What you should do:
Begin at the line below that has "White Poinsettia Garden". Stop after the line that has "Trick Rawr Treat by La Moda Tee", repeating each line exactly and leaving out the pictures.

Data supplied:

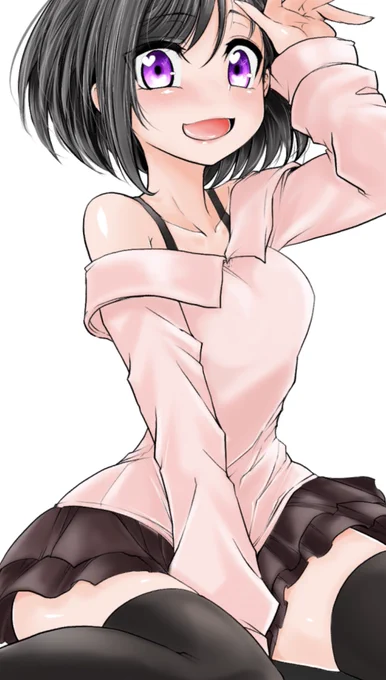 のん誕に乗るべき所で招き猫コンビがいい感じなので貼らせてください  #双子の死神に恋する話 #オリジナル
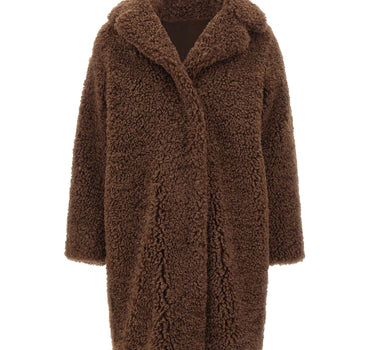 RRD Cappotto reversibile "Lamb Coat Wom" BROWN Donna 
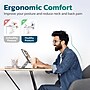 Delton SW60 iPad/Android Stand & N35 Small Wireless Keyboard and Mouse Tablet Accessory Set, Silver (DTTKITMIN35SW60)~#|#~4FDD6390-094D-4503-BD33C95551D60D60_sc7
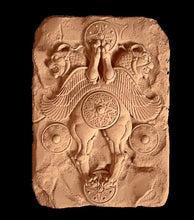 Load image into Gallery viewer, Assyrian Horned Lion griffin Persian Persepolis art Sculpture wall plaque relief www.Neo-Mfg.com 12"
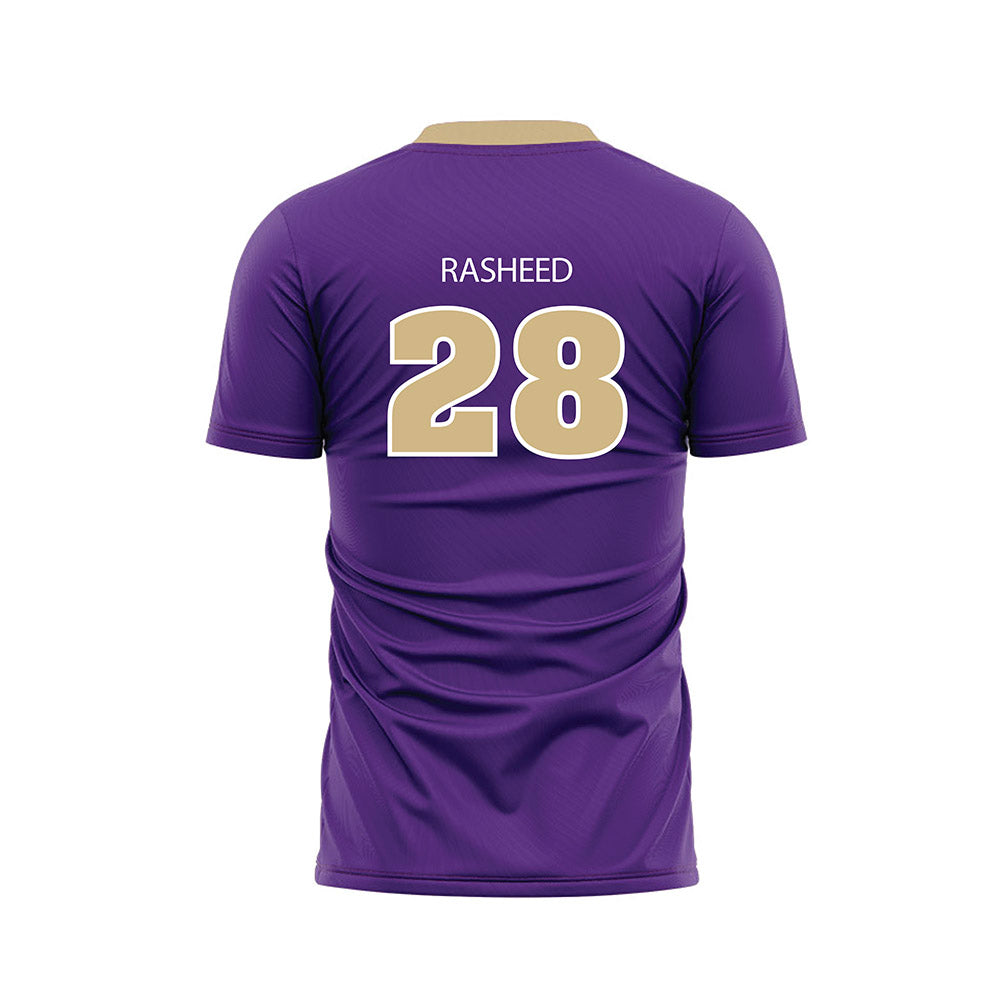 Sewanee - NCAA Men's Soccer : Isaac Rasheed - Purple Soccer Jersey-1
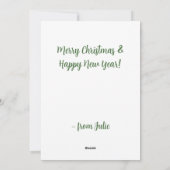 White Poinsettia Garden - Verticale fotoplatte kaa Feestdagenkaart (Achterkant)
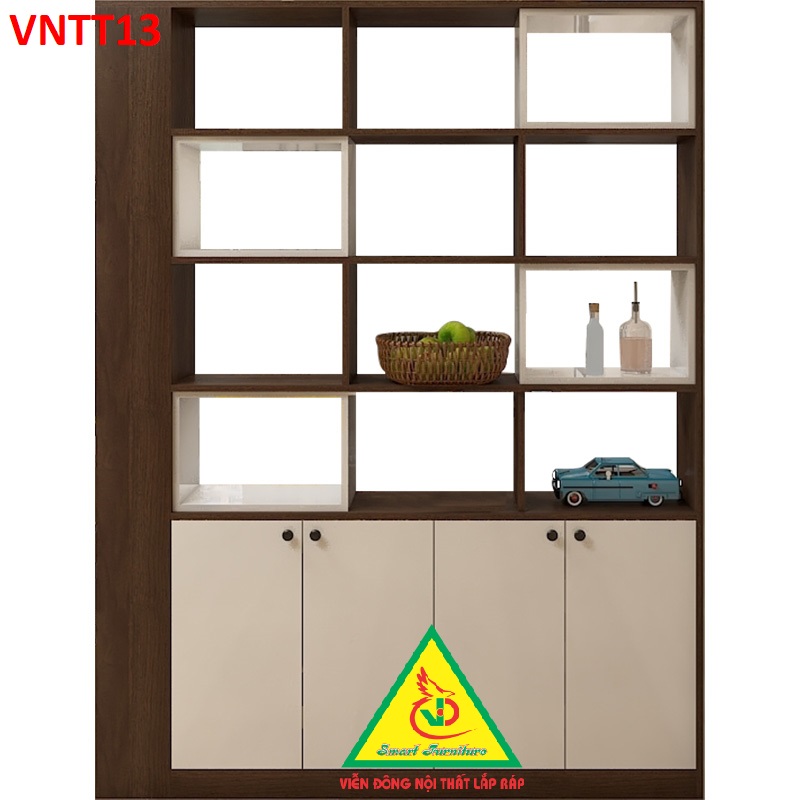TỦ KỆ TRANG TRÍ KIÊM VÁCH NGĂN VNTT13 - Nội thất lắp ráp Viendong Adv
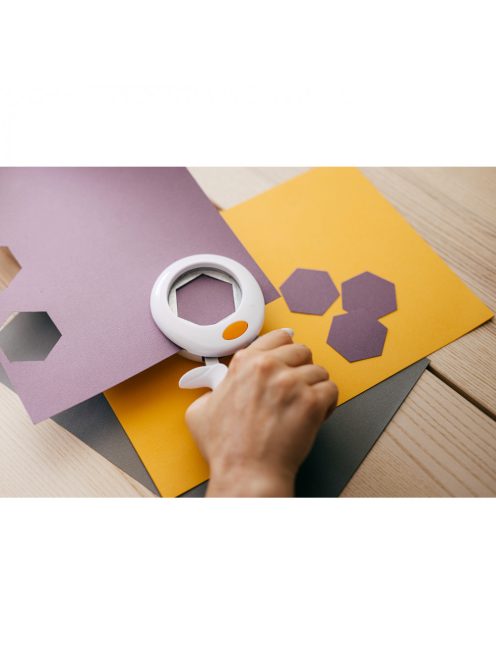 Fiskars Kézi lyukasztó, XL hatszög (1015763)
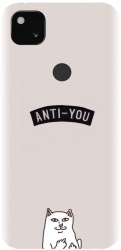 Husa din silicon compatibila cu Google Pixel 4a - model Anti You 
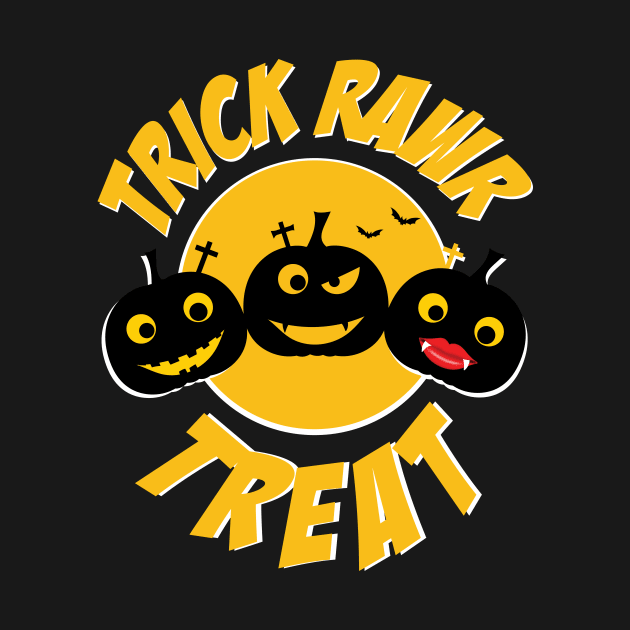 Trick Rawr Treat by La Moda Tee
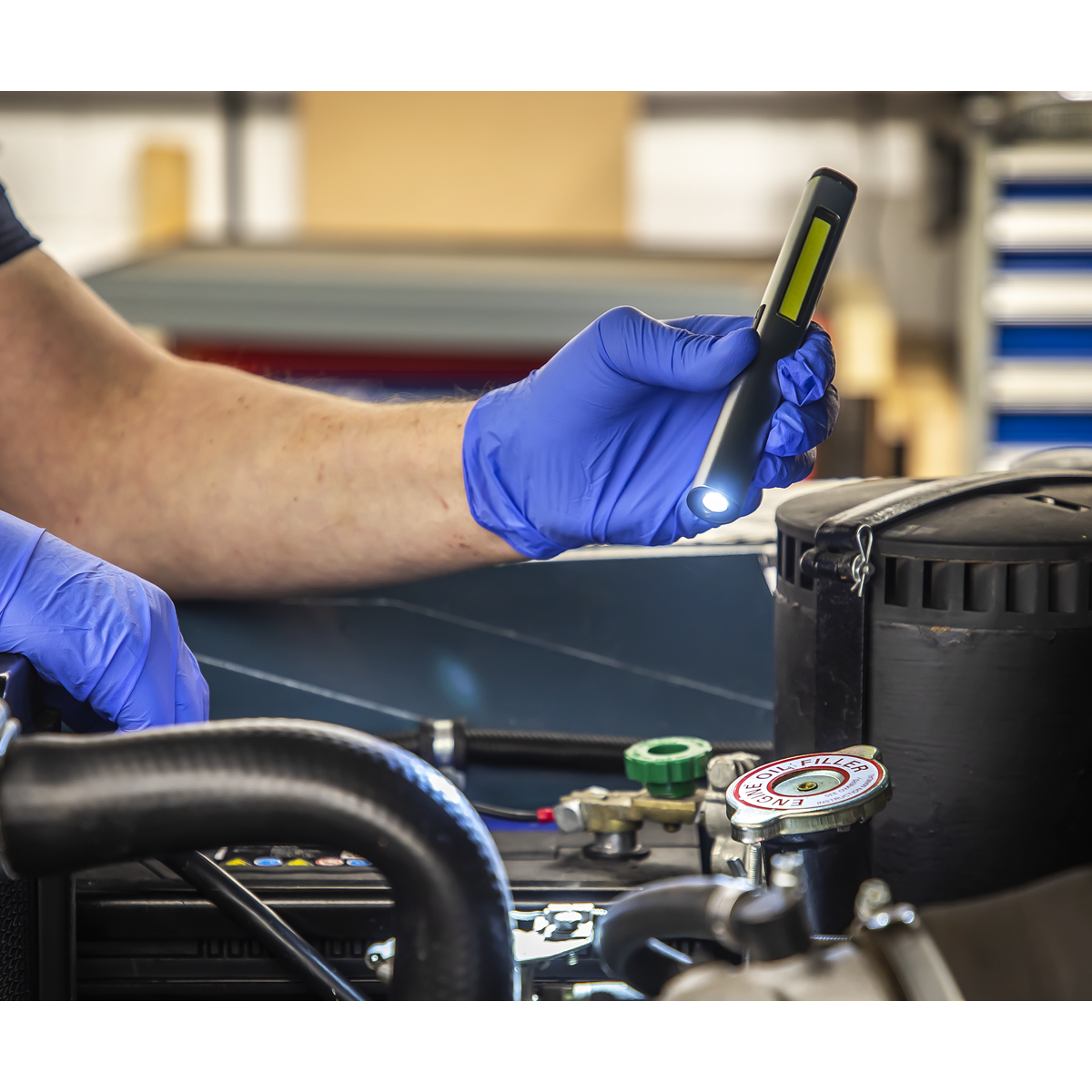 Rechargeable UV Penlight Torch with Laser Pointer 5W COB & 3W SMD LED LED450UV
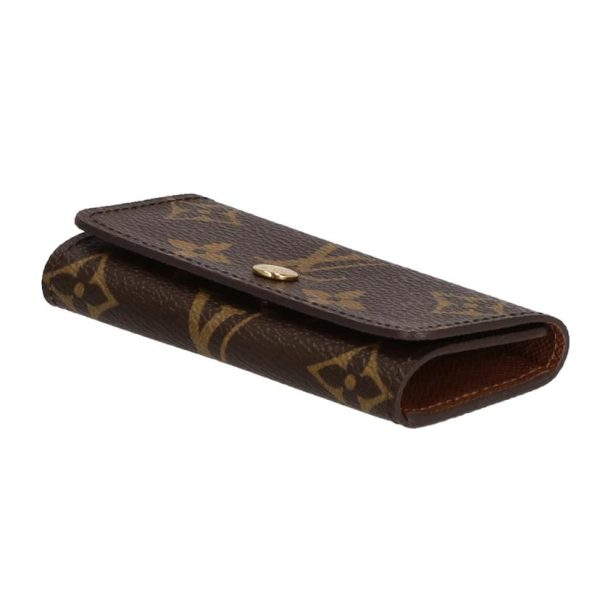 71724 3 Louis Vuitton Multicle Monogram Key Holder Bag Brown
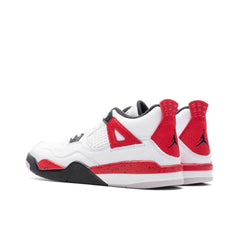 4 Retro (PS) 'Red Cement' - White/Fire Red/Black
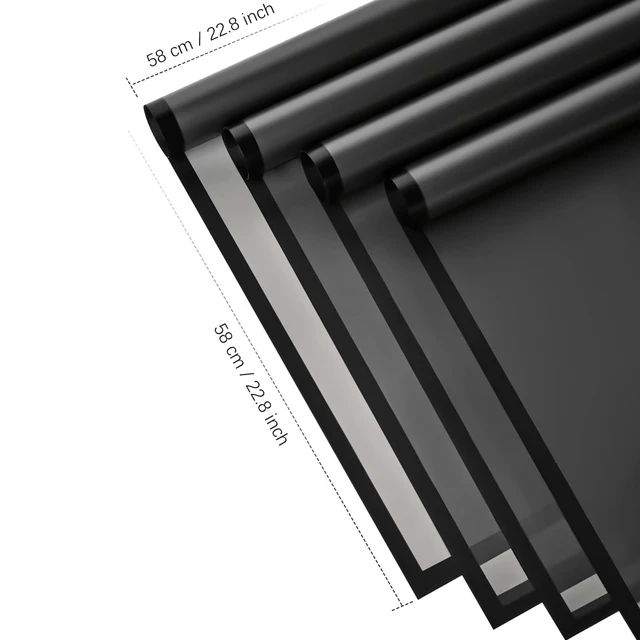 Alt view image 2 of 7 - Jutieuo 20 Sheets Black Flower Wrapping Paper, Black Edge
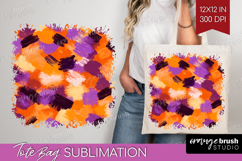 Halloween Tote Bag - Brush Stroke Tote Bag PNG Sublimation Product Image 1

Result below:
 White Poinsettia Garden - Verticale fotoplatte kaa Feestdagenkaart (Achterkant)
TỦ KỆ TRANG TRÍ KIÊM VÁCH NGĂN VNTT13 - Nội thất lắp ráp Viendong Adv
 Fiskars Kézi lyukasztó, XL hatszög (1015763)
 Husa din silicon compatibila cu Google Pixel 4a - model Anti You 
 Trick Rawr Treat by La Moda Tee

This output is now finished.